Unfortunately I have no any experience with VTune.
The copy($c)
is something you’re not doing in the MATLAB tic
-toc
run and is responsible for those 3 allocations and 7.63 MiB, according to @btime copy($c)
, and it accounts for a large part of the trysyl3!
allocations too. However, I don’t think copy
-ing would account for any of these timing discrepancies. You could try the setup
argument to isolate it from the benchmark, but the copying benchmark only took a few milliseconds on my laptop at low battery, so I really doubt it’ll make a dent even in the relevant context.
Would it be possible to check that strsyl3_
is in LBT (both OpenBLAS
and MKL
)?
I made wrappers for :Float64, :Float32, :ComplexF64, :ComplexF32 data.
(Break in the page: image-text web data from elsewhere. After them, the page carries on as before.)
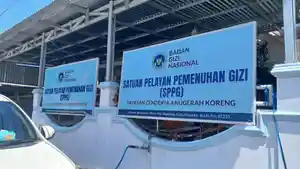 Kamis-1642026-Dapur-ini-melayani-3800-penerima-manfaat-dari-42-sekolah.jpg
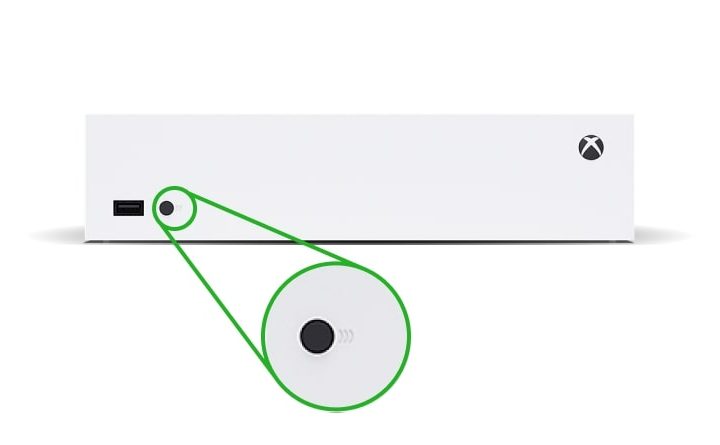 Diagram showing the pair button on an Xbox Series S.
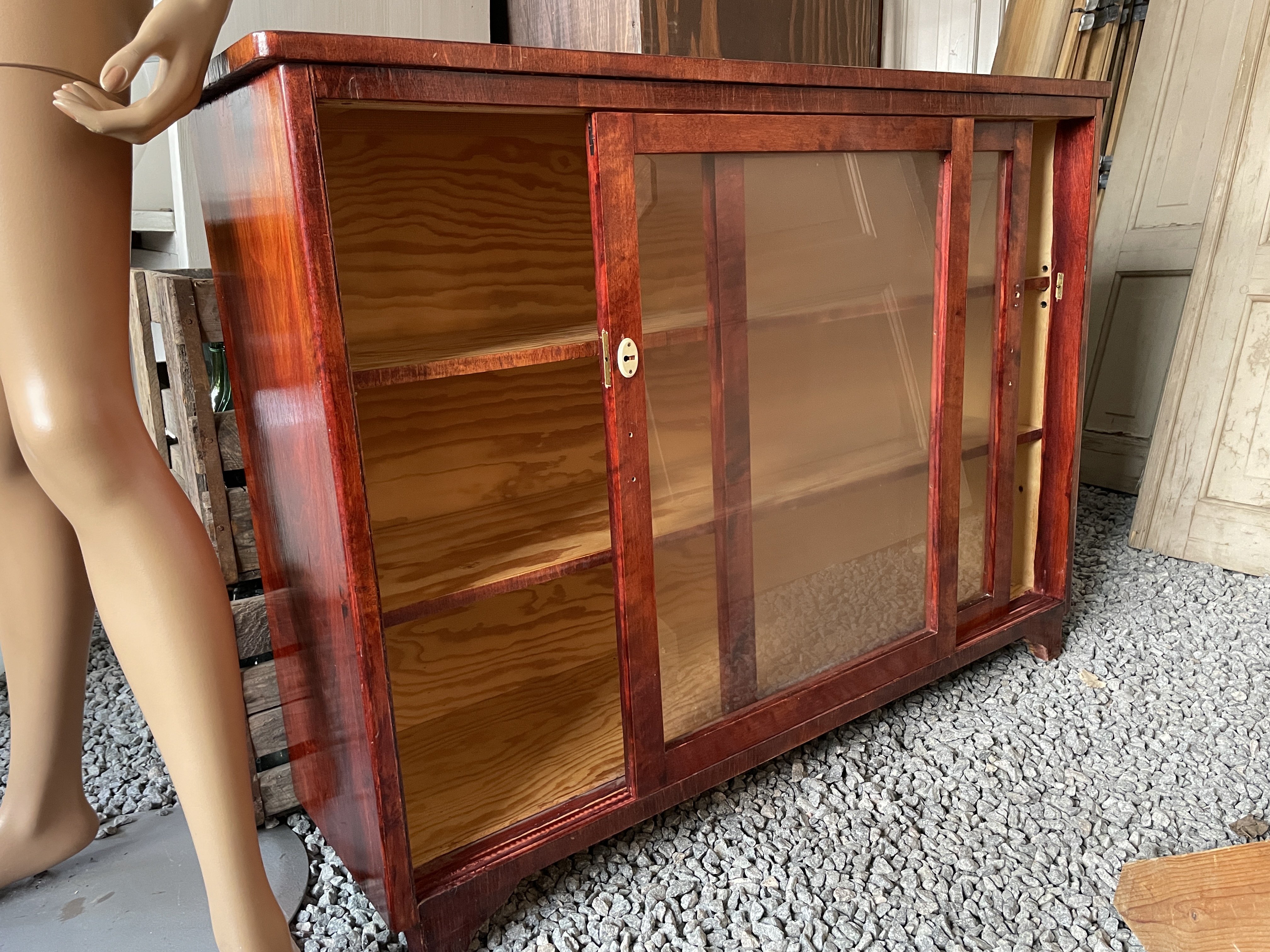 Skåp med glasdörrar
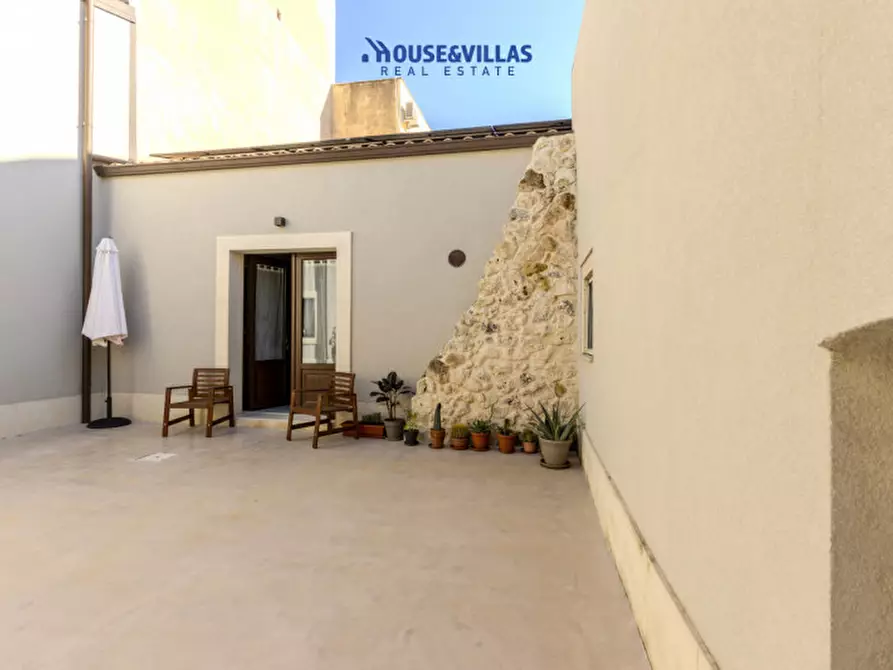 Immagine 1 di Villetta a schiera in vendita  in Via Milano a Avola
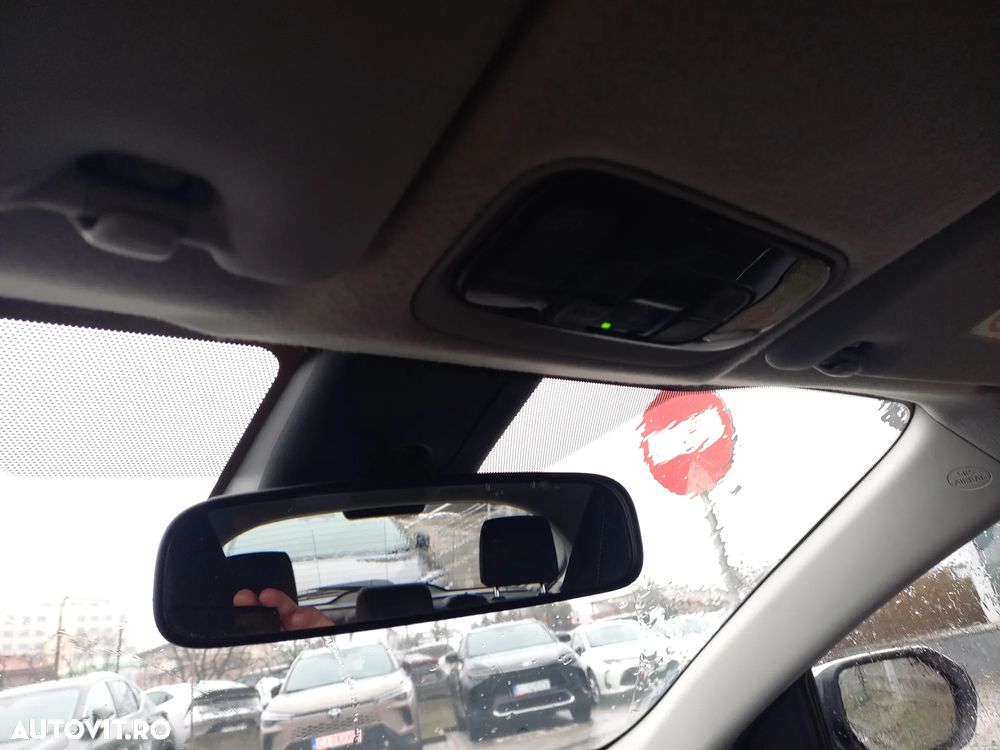 Toyota Yaris 1.5 VVT-i HSD Active - 23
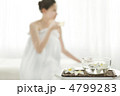 花とハーブティーを飲む女性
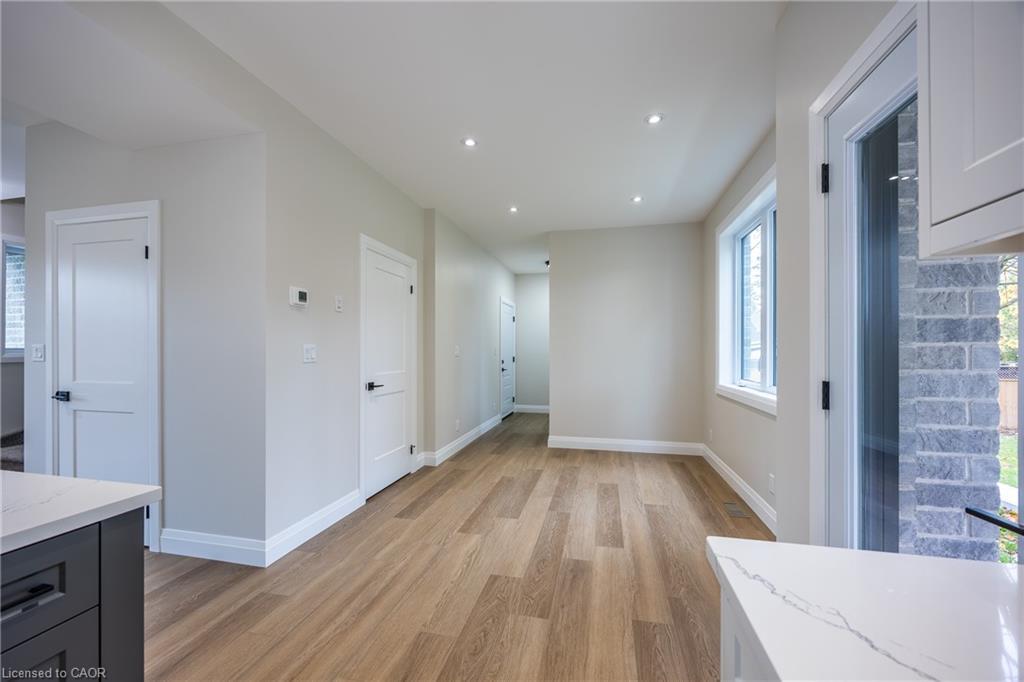 5 Maple Avenue, Port Dover, ON - Indoor Photo Showing Other Room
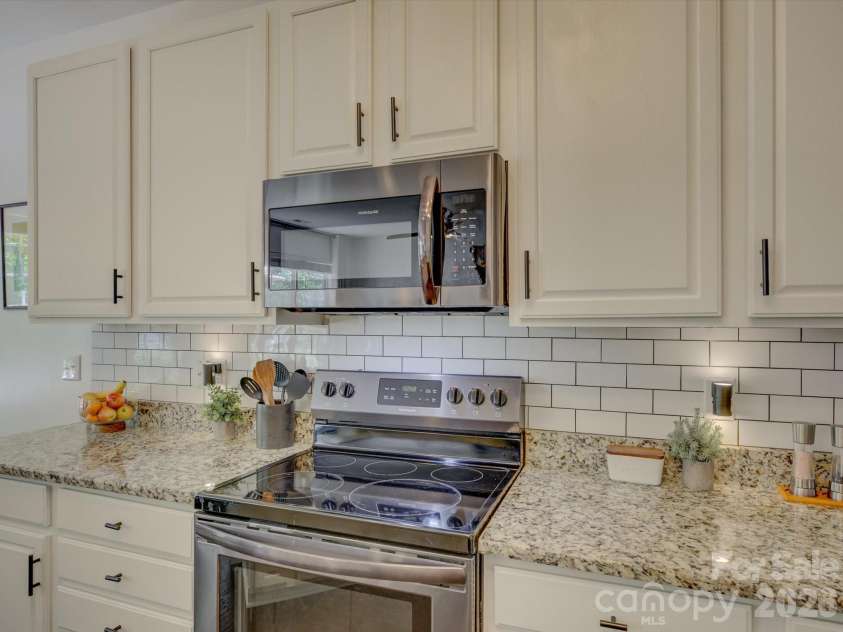 9828 Caldwell Depot Road, Cornelius, NC 28031.  MLS# CAR4378028, YatesRealty ID 23204.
The only which doesn’t work is for :Float32, receiving the following message:
julia> n = 5; a, = schur(rand(Float32,n,n)); c = rand(Float32,n,n); c = c'*c;
julia> @time Y, scale = MatrixEquations.trsyl3!('N', 'T', a, a, copy(c));
Error: no BLAS/LAPACK library loaded for strsyl3_64_()
No problem for single-precision complex data:
julia> n = 5; a, = schur(rand(Complex{Float32},n,n)); c = rand(Complex{Float32},n,n); c = c'*c;
julia> @time Y, scale = MatrixEquations.trsyl3!('N', 'C', a, a, copy(c));
0.000036 seconds (13 allocations: 640 bytes)
If I load after starting Julia MKL
, then it works correctly.
I checked the library libopenblas64_.dll
indicated by the command:
julia> BLAS.get_config()
LinearAlgebra.BLAS.LBTConfig
Libraries:
└ [ILP64] libopenblas64_.dll
for the symbol strsyl3_64_
and this symbol is missing (the others dtrsyl_64_
, ctrsyl_64_
and ztrsyl_64_
exist!). Could this be the explanation for the above error?
I opened an issue #150 on the above problem.
I agree with your points, but I used this form to prevent changing the argument c
, which would happen at each call.